15. La divergence entre le juge français et le juge anglais sur la question de la deuxième dimension de l’autonomie de la clause compromissoire fait écho à la question de savoir si la règle, au moins française, est une règle matérielle du droit français de l’arbitrage international où il s’agit d’une règle matérielle véritablement internationale en tant qu’elle ne dépendrait pas de sa validation par un ordre juridique étatique quelconque. Une partie de la doctrine milite, classiquement, pour cette dernière considération, retenant comme participant de ces règles celles qui font l’objet d’un consensus interétatique et/ou des règles interétatiques applicables à l’arbitrage (Comp.
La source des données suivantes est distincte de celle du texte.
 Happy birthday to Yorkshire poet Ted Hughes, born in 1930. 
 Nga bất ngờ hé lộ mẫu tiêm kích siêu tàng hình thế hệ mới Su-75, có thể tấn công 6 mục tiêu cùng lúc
E. Gaillard, Aspects philosophiques du droit de l’arbitrage international, COll. Académie de dr. int. de La Haye, 2008, J.-B. Racine, « Réflexions sur l’autonomie de l’arbitrage commercial international », Rev. arb.2005, p. 305, P. Mayer, « Le mythe de « l’ordre juridique de base », Et. Goldman, Litec, 1982, p. 199), tandis que l’on peut considérer que la source, interne, de la règle matérielle internationale suffit à l’asseoir juridiquement, ce d’autant que l’idée que la volonté, seule, permet d’échapper à tout ordre juridique étatique, sans que cette volonté tire elle-même sa force normative d’une norme quelconque, étatique ou interétatique, revient à en faire une norme d’un droit naturel de l’arbitrage international qui reste à déterminer. Il est évident, cependant, que la conception française de cette règle participe de la favor arbitratis traditionnelle que soutient le droit français de l’arbitrage ; elle demeure contingente, ce que le juge anglais révèle de manière magistrale.
On pourrait aussi déceler, derrière le raisonnement anglais, une forme de souverainisme juridique inversé, une forme d’extraterritorialité de sa propre norme, en tant que ces décisions, visent, précisément, à éviter qu’un litige échappe à la loi et au juge anglais, globalement parallèle à la conception française qui, à l’inverse, permet d’accueillir, comme, mais pour des raisons différentes, la jurisprudence Norsolor-Hilmarton-Putrabali.